Depuis, il a piloté des avions de brousse, puis des ambulances aériennes avant d’être embauché par Air Canada comme premier officier sur un Embraer 190.
Pourquoi avez-vous choisi le métier de pilote?
C’était un rêve d’enfant. J’ai toujours aimé l’aviation. J’ai quand même fait des détours avant d’y arriver…
Lesquels?
Au moment de faire mon choix de carrière, j’ai été découragé par les embûches à surmonter pour devenir pilote. J’ai alors baissé les bras et je me suis dirigé en administration au cégep. J’ai obtenu mon DEC, mais après une année d’université, j’ai laissé tomber.

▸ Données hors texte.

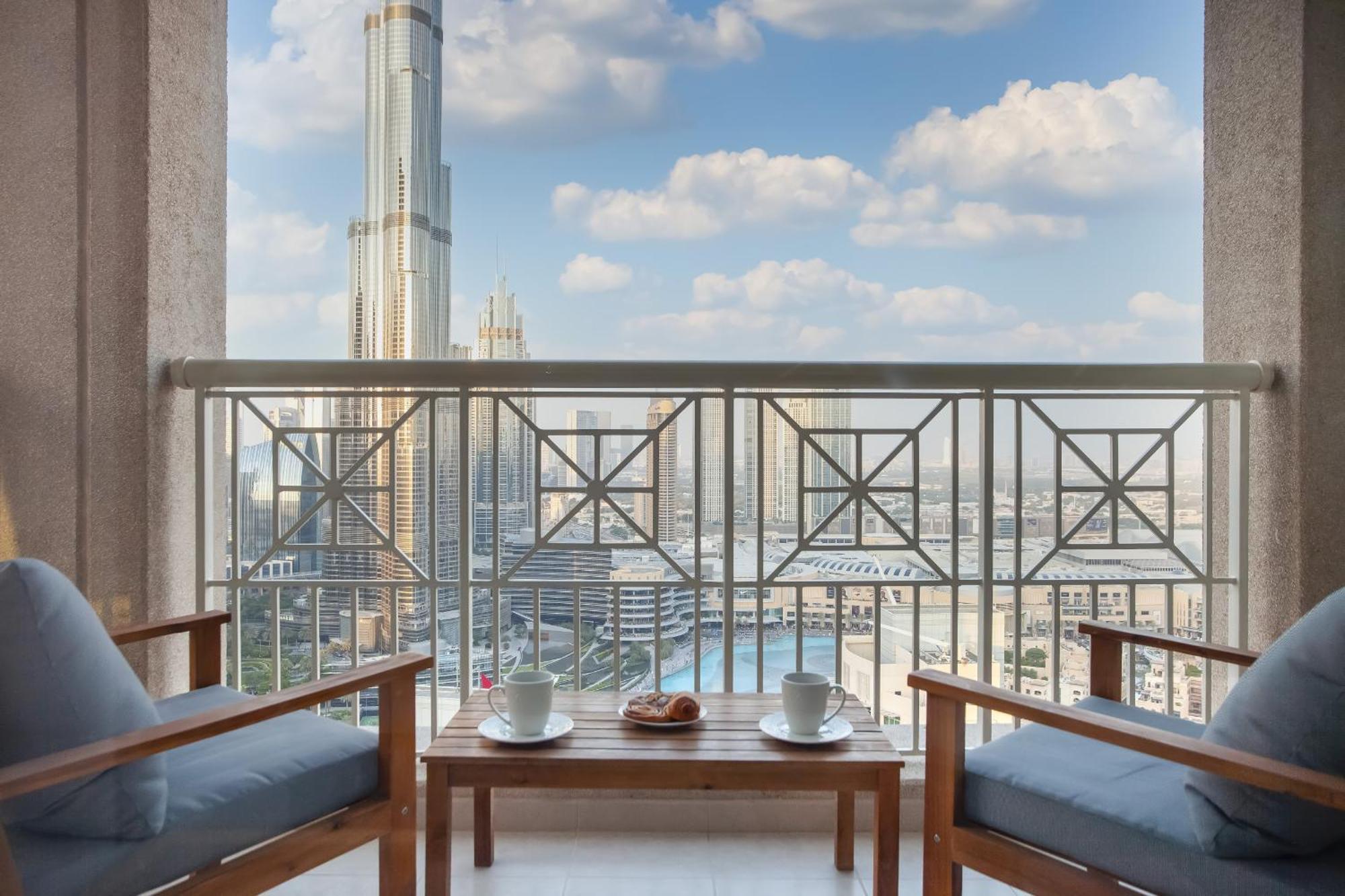Signature Burj Khalifa View Residence Dubai Luaran gambar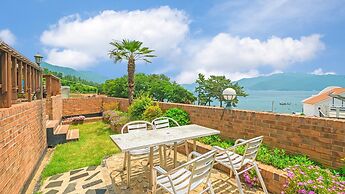 Namhae Arabyeoldom Pension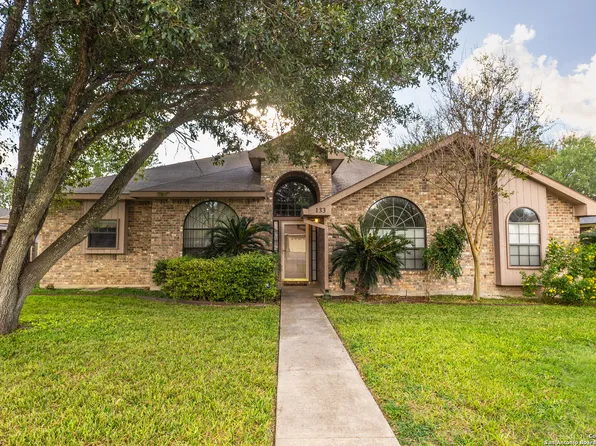 133 WEEPING WILLOW, Uvalde, TX 78801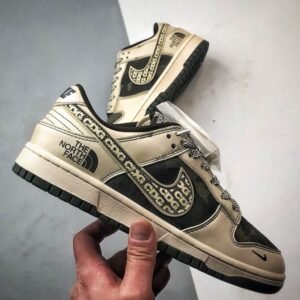 【AT3267】Nike x The North Face Dunk Low。クラシックなストリートスタイルのスポーツシューズ - ユニークなデザインと快適さが兼ね備わっています。Nike Dunk Low Retro。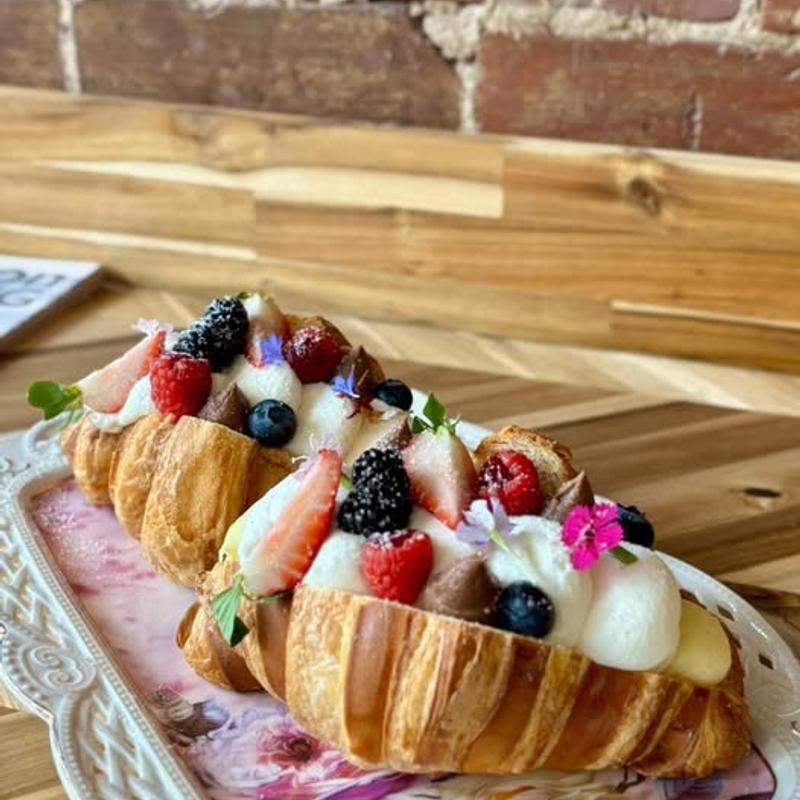 menu item 40 of 46, Stuffed Nutella Croissant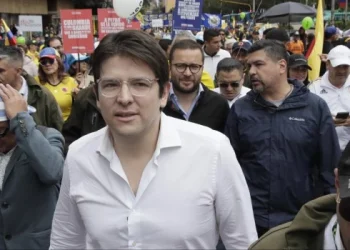 Conmoción en Colombia: Hirieron a balazos al aspirante presidencial de derecha Miguel Uribe Turbay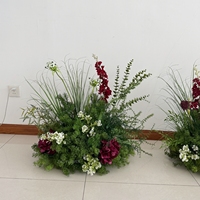 Décoration florale d'allée de mariage en verdure, arrangements floraux au sol en herbe artificielle, centre de table de cérémonie en fleurs artificielles bordeaux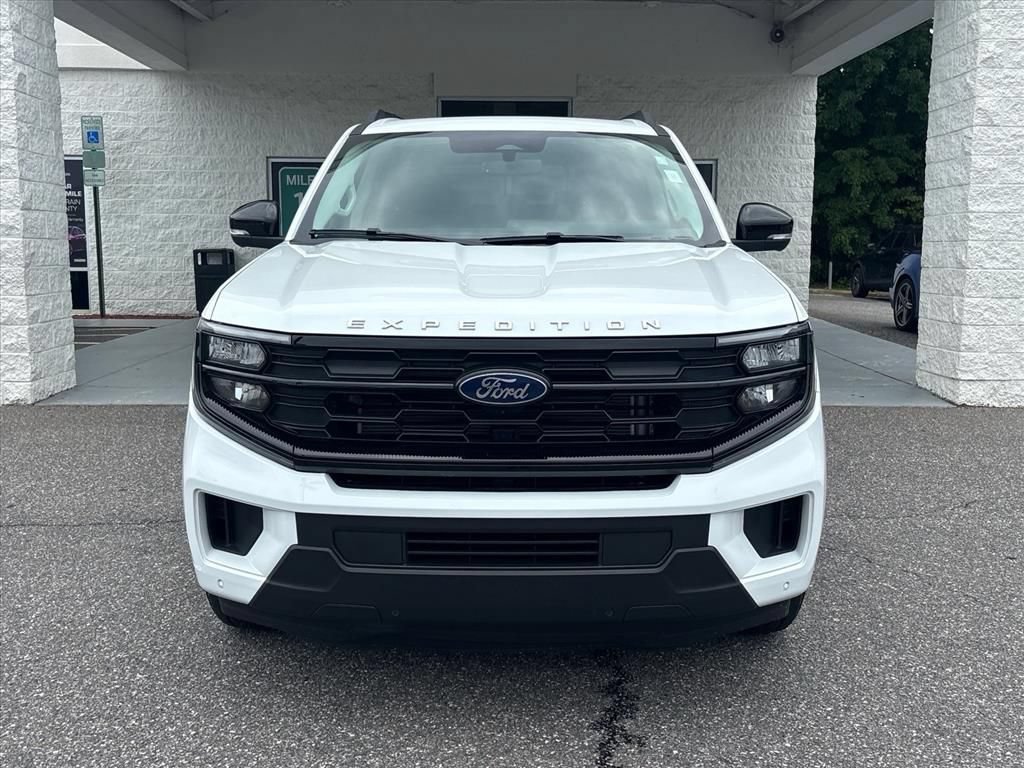 Used 2025 Ford Expedition Max Active AWD/4WD image 22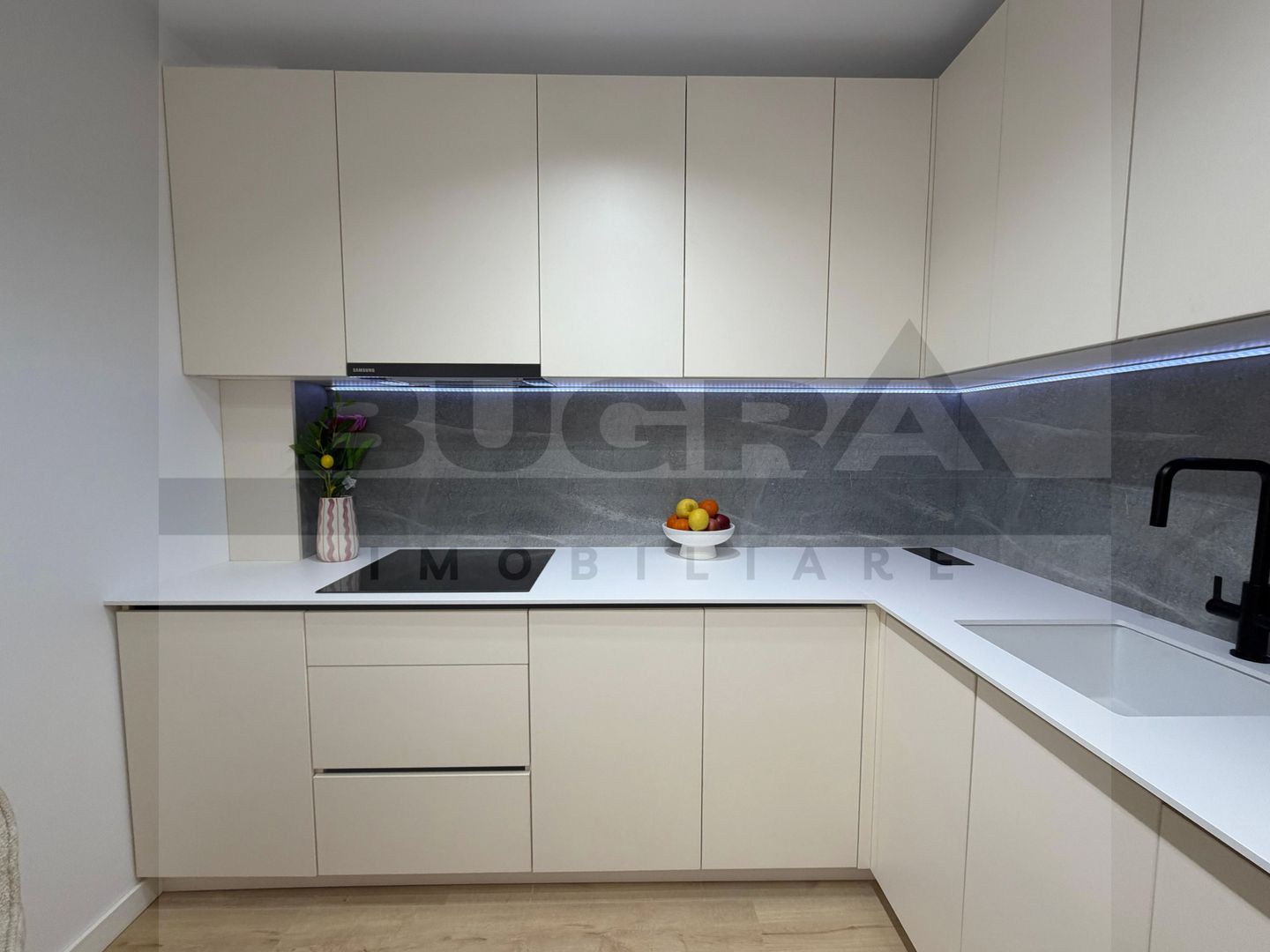 Apartament 2 camere, finisat, parcare, zona Elite - Poză 6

J’avais toujours l’aviation dans la peau et je me suis dit qu’il fallait que je tente ma chance dans ce domaine. Je ne voulais pas arriver à 55 ans et regretter de ne pas avoir au moins essayé de réaliser mon rêve!
Quelles qualités faut-il pour être un bon pilote?
Il faut avant tout être très persévérant, parce que dès le début, même à l’école, c’est un monde stressant et compétitif. Il faut surtout avoir ça dans les tripes. Et quand vient le temps de se trouver un emploi, il faut être prêt à s’exiler. Avant d’être pilote de ligne, j’ai fait mes classes à Schefferville, dans le Nord du Québec et au Manitoba notamment.
Nous entendons souvent parler des inconvénients de la vie de pilote : l’exil, les déplacements, l’insécurité d’emploi, la conciliation travail-famille… Qu’en est-il des avantages?
Pour qui aime les voyages, c’est idéal. J’aime bien mes horaires de travail aussi : je suis en poste 14 jours par mois, et les autres journées, je les passe chez moi. En plus, je n’apporte jamais de travail à la maison!